As 2022 kicked in, it was my hope that I could use my 66th birthday on October 4 as an excuse to travel the entire length from Chicago to Santa Monica. As is typically the case, things don’t always go as planned and/or hoped for, and such was the case for my 2022 Route 66 plan. Nevertheless, I did get to travel a large section in July as a result of an emergency trip to Tucson, Arizona. On my return, we traveled to Albuquerque, New Mexico and, from there, traveled Route 66 all the way to Central Missouri. It was a fun trip with my daughter and my brother, who we brought back to Kentucky. Despite that trip, I still made plans to hit the Start Sign in downtown Chicago and then drive the route as far as East St. Louis, Illinois, just across the river from Missouri and the Gateway Arch. The Illinois section of Route 66 is 301 miles long.
Before getting started, I want to give a big shout out to my friends at RoadsideAmerica.com. If you don’t have their amazing app, please go to your App Store and download.
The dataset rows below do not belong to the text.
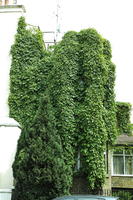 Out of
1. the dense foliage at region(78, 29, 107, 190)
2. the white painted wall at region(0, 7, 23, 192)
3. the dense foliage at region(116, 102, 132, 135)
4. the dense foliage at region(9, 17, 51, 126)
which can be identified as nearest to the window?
the dense foliage at region(116, 102, 132, 135)

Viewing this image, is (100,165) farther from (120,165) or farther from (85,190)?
(120,165)

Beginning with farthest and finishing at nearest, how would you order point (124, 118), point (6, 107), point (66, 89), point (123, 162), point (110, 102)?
1. point (123, 162)
2. point (124, 118)
3. point (110, 102)
4. point (6, 107)
5. point (66, 89)

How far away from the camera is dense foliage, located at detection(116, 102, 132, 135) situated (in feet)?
83.7

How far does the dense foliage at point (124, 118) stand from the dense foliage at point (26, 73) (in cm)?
893

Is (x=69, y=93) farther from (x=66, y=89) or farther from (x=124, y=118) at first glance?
(x=124, y=118)

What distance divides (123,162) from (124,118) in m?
4.12

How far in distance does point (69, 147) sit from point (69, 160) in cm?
68

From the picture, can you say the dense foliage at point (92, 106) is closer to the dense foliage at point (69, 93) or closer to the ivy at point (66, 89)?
the dense foliage at point (69, 93)

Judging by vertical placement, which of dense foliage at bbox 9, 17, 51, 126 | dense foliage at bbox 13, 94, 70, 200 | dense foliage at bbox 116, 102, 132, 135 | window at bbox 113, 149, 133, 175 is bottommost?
window at bbox 113, 149, 133, 175

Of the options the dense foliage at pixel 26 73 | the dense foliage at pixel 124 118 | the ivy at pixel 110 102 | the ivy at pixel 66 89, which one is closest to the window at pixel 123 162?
the dense foliage at pixel 124 118

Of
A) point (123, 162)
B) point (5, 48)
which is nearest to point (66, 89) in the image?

On October 4 I left home and made my way to Chicago via Olney, Casey and Effingham, Illinois on the way up and Chester, Illinois on the way back. I’ll cover those places in a different post, but will note that Olney is the home of White Squirrels, Casey is known as the “Little Town with Many Big Things,” and Effingham, well… I have always wanted to go there to get my Effingham Sandwich. Chester is the home of the creator of cartoon character Popeye. These made for fun additions to the road trip.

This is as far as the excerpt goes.